Frequency of Grammatical Disjuncts

(This is a copy of my blog post on the wordpress opencog brainwave blog, oringianlly made on 7 June 2009 -- Linas Vepstas).

The link-grammar parser uses labeled links to connect together pairs of words. In order to capture the idea of proper grammatical construction, any given word is only allowed to have very specific links to its right or left: for example, verbs have their subject on the left, and an object on the right. Link-grammar defines hundreds of different link types, and there are typically dozens or even hundreds of ways that these can attach to a word. Each allowed set of links is called a “disjunct”. So, for example:

MVp- Js+

is a disjunct that says “there must be an MVp link from this word, going to the left, and an Js link, going to the right”. This disjunct commonly connects prepositions to a verb on their left (the MV- link) and the object of the preposition on the right (the J+ link).

A good way to think about disjuncts is to imagine them as very fine-grained part-of-speech tags. Thus, when one sees “MVp- Js+” associated to a word, one knows not only that the word is a preposition, but even a bit more: its a preposition that took a singular object. Disjuncts classify words not just into crude part-of-speech categories, but much finer categories: thus verbs are not just as transtivie or intransitive verbs, but mgiht be transitive verbs that take both direct and indirect objects, or participles, etc.

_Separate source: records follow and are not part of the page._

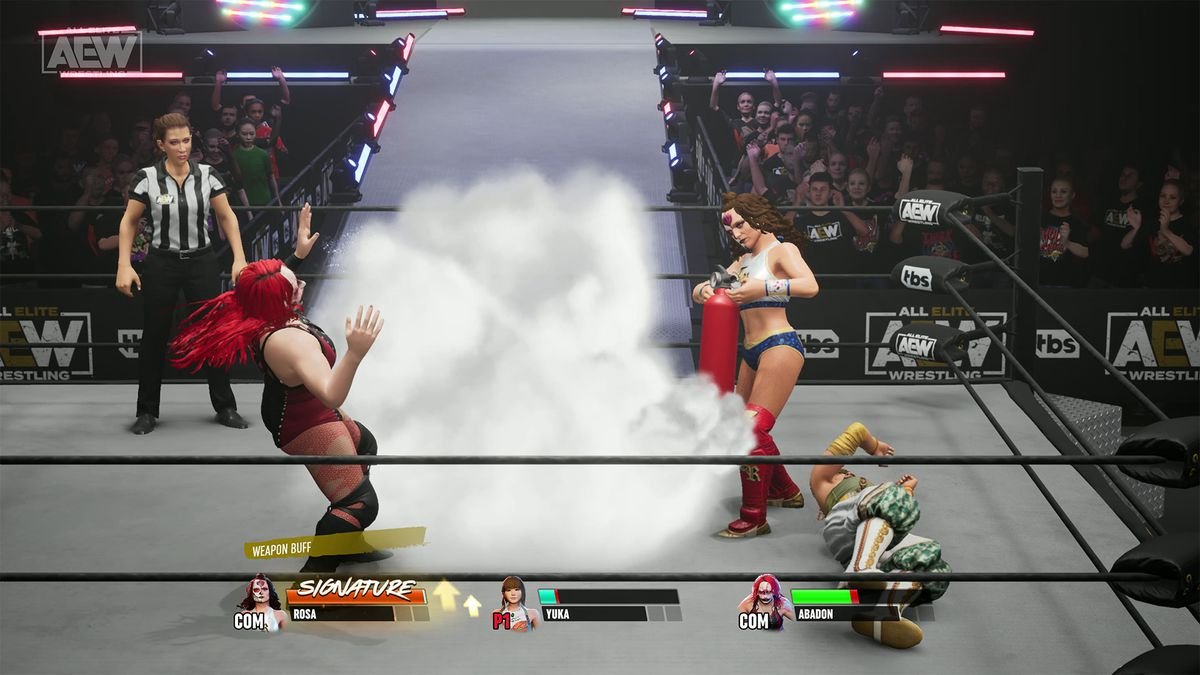 Thunder Rosa uses a fire extinuisher to stun Abadon while Yuka Sazaki lies nearby in AEW Fight Forever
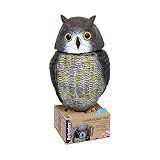 New Wind Action Owl Repels Pests Birds Decoy And Flys Repelent Scarer Rotating Head Reflective Eyes 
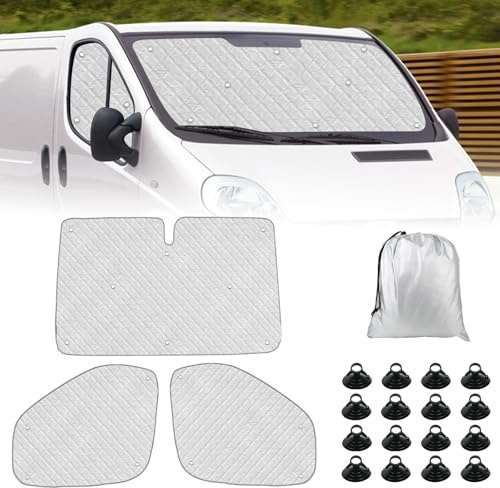 Tapis Thermique Voiture Remplacement pour Renault Trafic 2001-2014 3 Pièces, Protection Solaire Pare-Brise Remplacement pour Opel Vivaro 2001-2014, Ensemble de Pare-Soleil Pliable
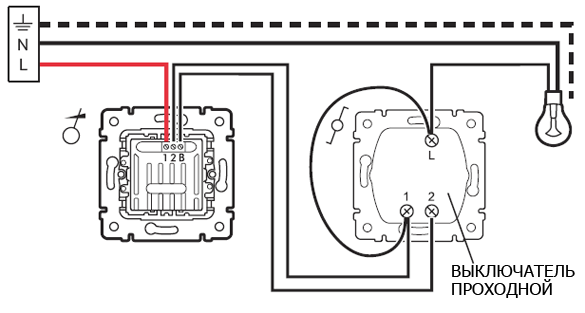 Схема подключения диммера с проходным выключателем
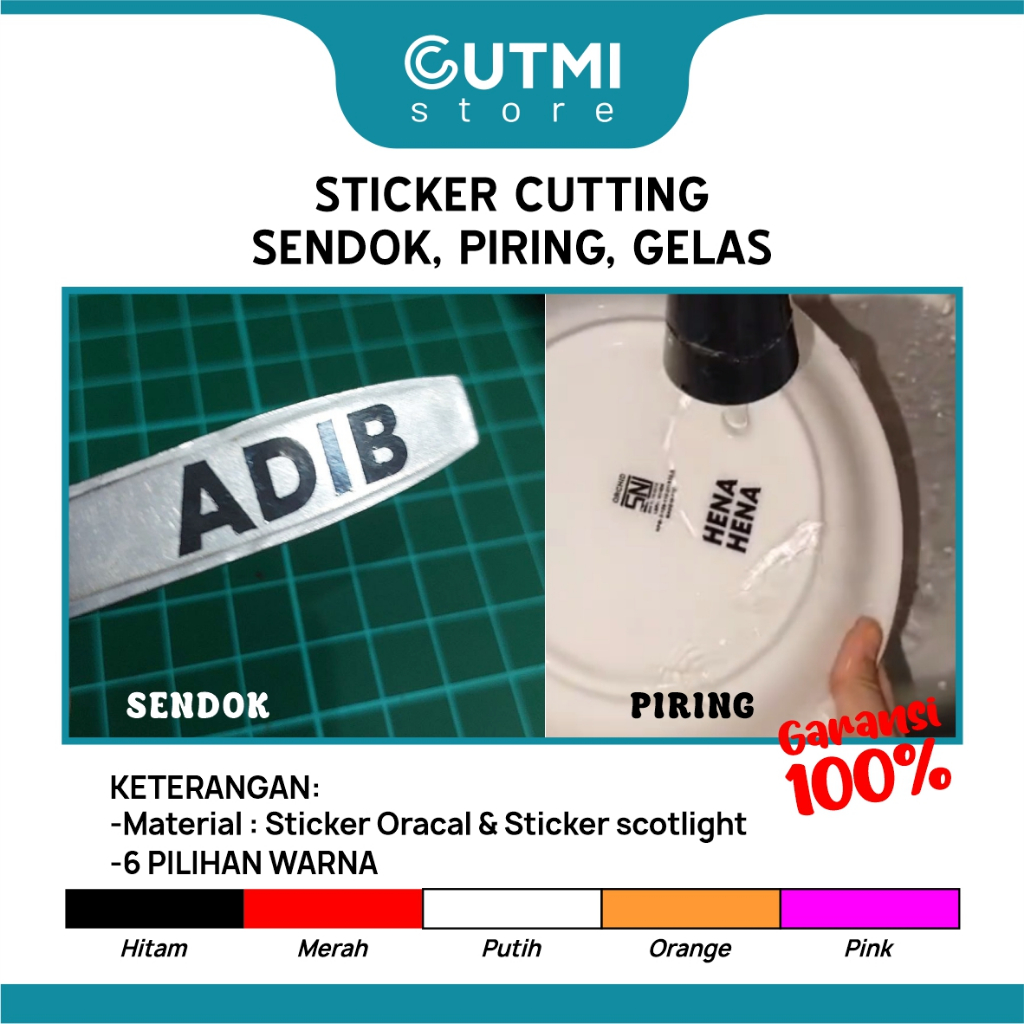 

Sticker Penanda Sendok, Piring, Gelas - Stiker Cutting Tahan Air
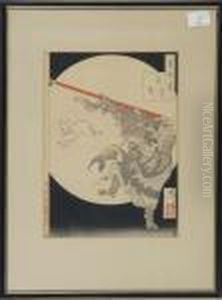 Monkey Playing With A Rabbit Set Against A Full Moon by Tsukioka Yoshitoshi
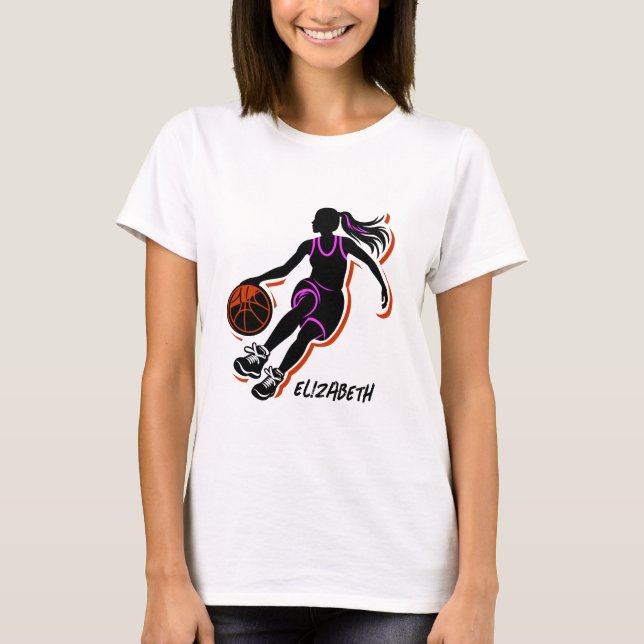 Camiseta personalizada de Chica de baloncesto (Anverso)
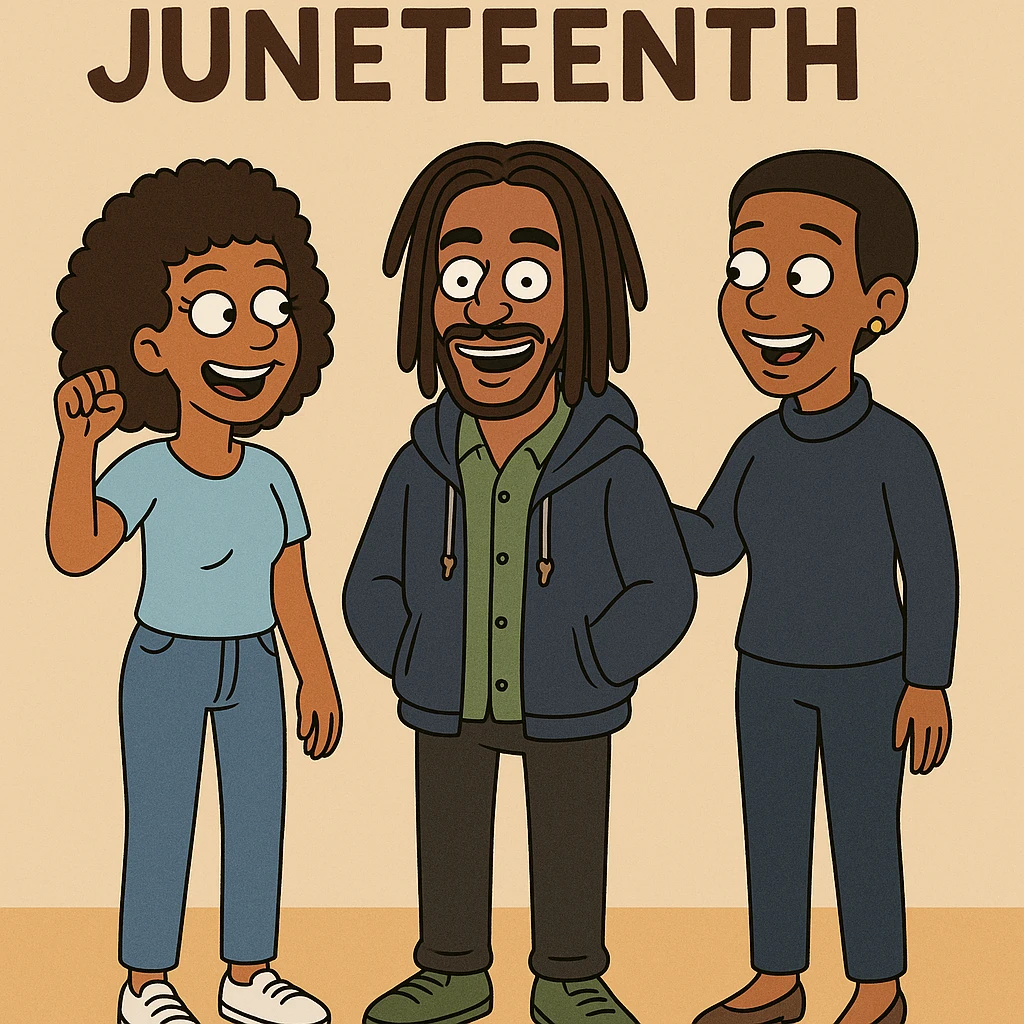 A woman Kinky hair light blue shirt blue jeans white shoes boy Dreadlocks dark brown hair green shuts navy blue zip up hoodie black jeans green shoes Bob Marley Vanessa Nakate Mae Jemison Happy JUNETEENTH emoji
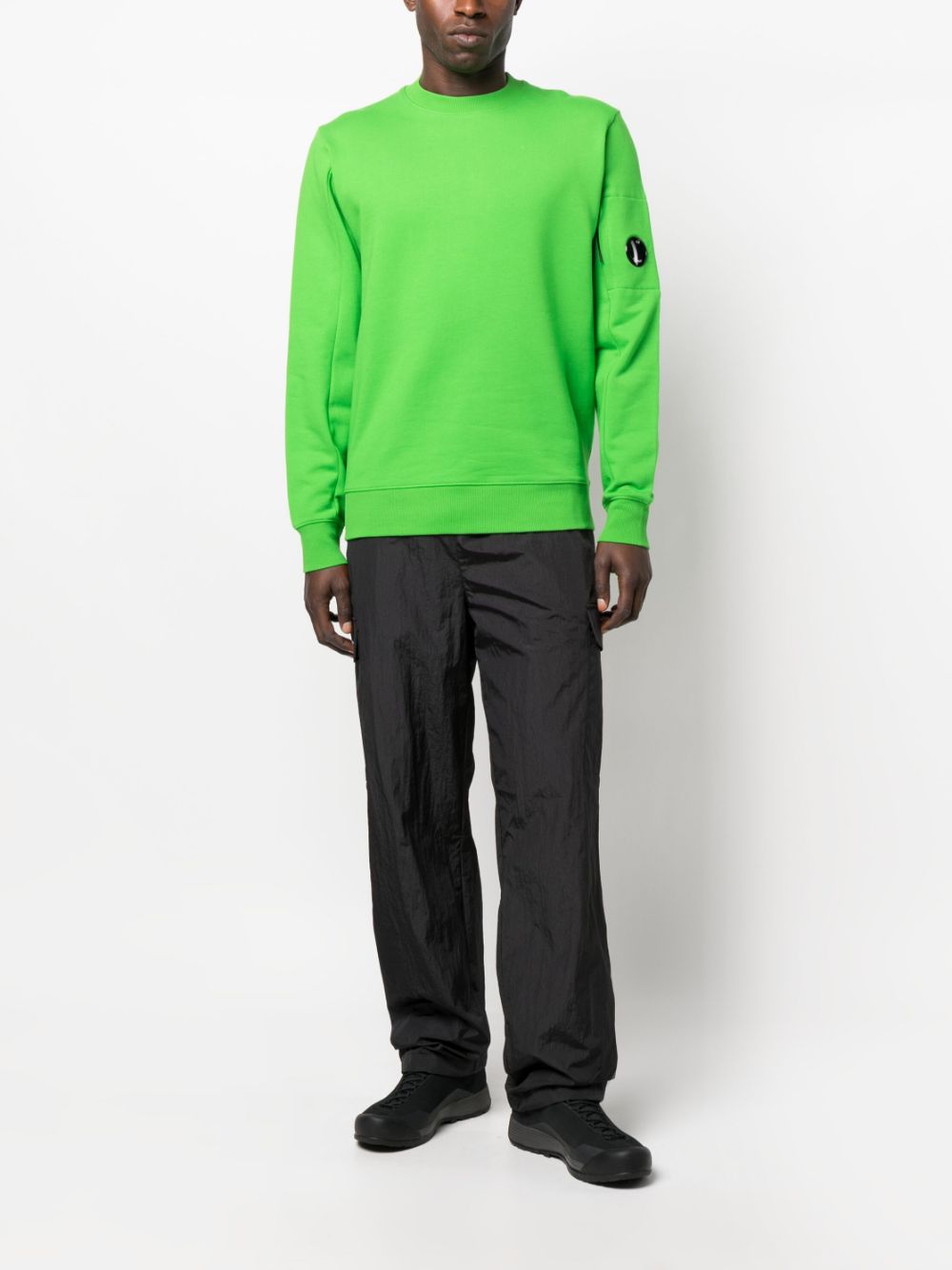 C.P. Company logo-patch cotton sweatshirt - Groen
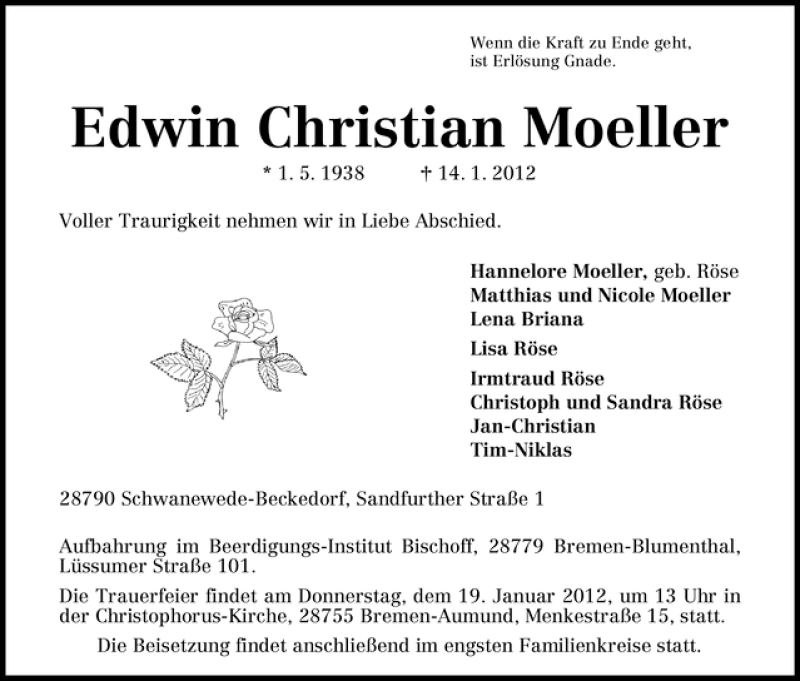  Traueranzeige für Edwin Christian Moeller vom 17.01.2012 aus WESER-KURIER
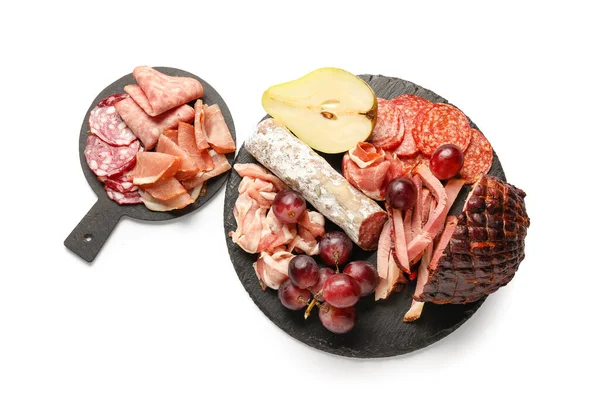 Slate Plate Board Assortment Tasty Deli Meats Isolated White Background — Stock Photo, Image
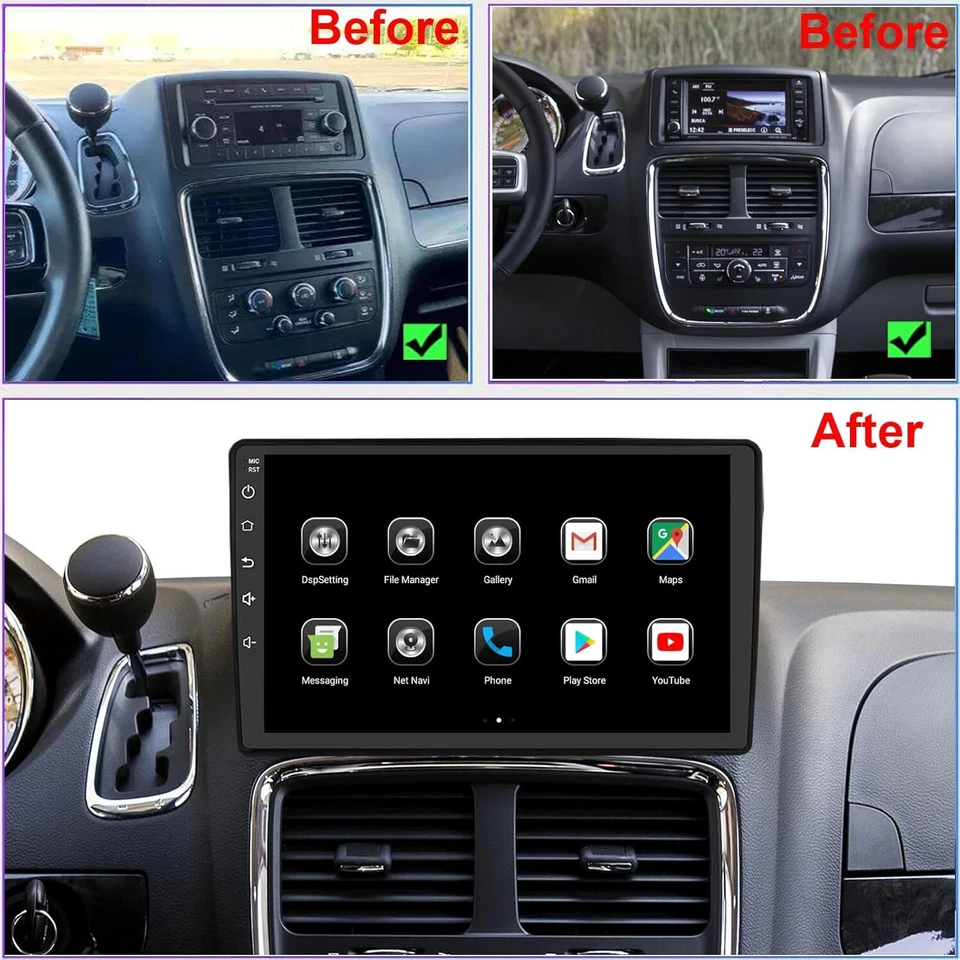 Carplay Android 13 Car Radio Stereo For Dodge Grand Caravan 2011-2020 Apple GPS Foto 3 de 4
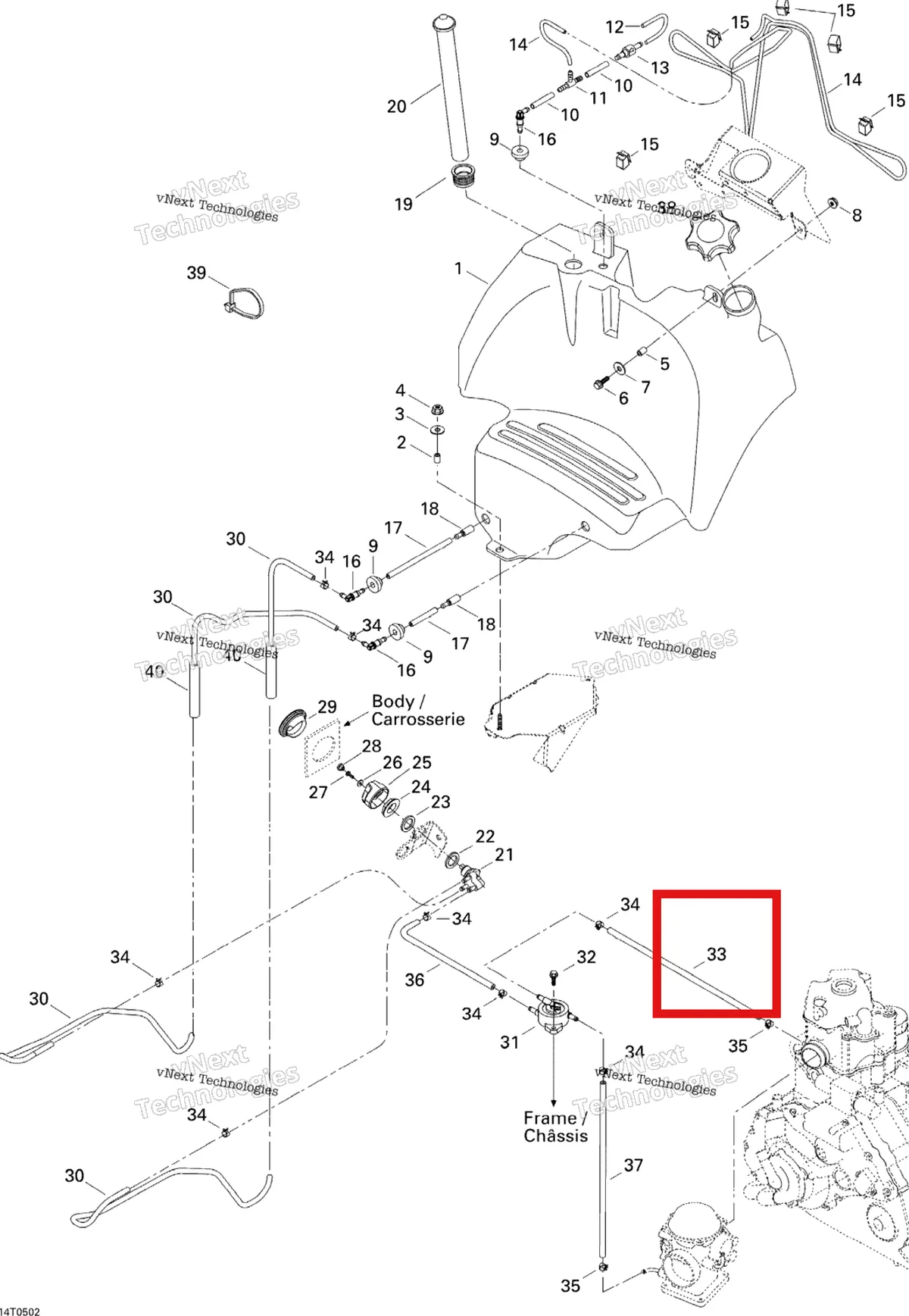Деталь 709000024 на схеме узла 2005 Can-Am Traxter 5 Speed Fuel System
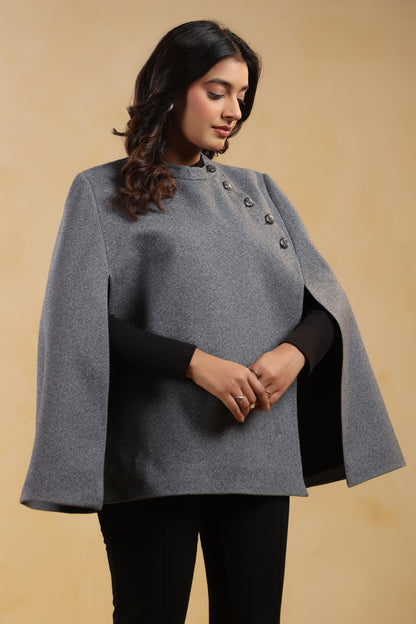Women's Tweed Luxury Cape Jacket Shrug | Grey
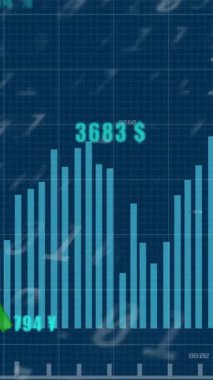 İkili kodlama ve finansal veri işleme animasyonu. Küresel bağlantılar, dijital arayüz, hesaplama ve veri işleme kavramı dijital olarak oluşturulmuş video.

Siva Reddy, a GSOC 2009 summer student, prepared a table of the frequency of occurrence of different disjuncts in a large collection of text. The top six entries are

Ds+ 950275.635843
Xp- 838569.90527
A+ 616522.664867
AN+ 566658.997313
MVp- Js+ 563082.649325
MVp- Jp+ 446487.310222

and these are exactly what one might expect:

A graph of rank vs. frequency is shown below:

Disjunct rank vs. frequency of occurance

As can be seen, the distribution is more or less Zipfian, with a power-law exponent of 1.5. The fact that the long tail appears to be linear indicates that grammatical construction in the English language appears to be more ore less scale-free: difficult and akward constructions are increasingly rare. The fact that the graph is not purely Zipfian, but instead has a knee for the most common grammatical connections suggests that the most common grammatical constructions are “less common than they should be”: almost as if English speakers are resisting the use of formulaic sentence constructions. So, for example, since adjectives and noun-modifiers appear near the top of the rank, this suggests that English speakers “could have” used more adjectives and noun-modifiers, but didn’t. Quite why this is so is not clear. Perhaps the use of anaphora and references in general helps decrease the need for lots of modifiers.

The open questions are then:

  1. Why a power law of 1.5?
  2. Why is there a knee?
  3. Does this result hold for other languages?

The corpus used here consists of approximately 1 million sentences, obtained by parsing entire Wikipedia articles, Voice of America news stories, and 10 books from Project Gutenberg, including War and Peace, Jane Austen, and some scientific or medical texts.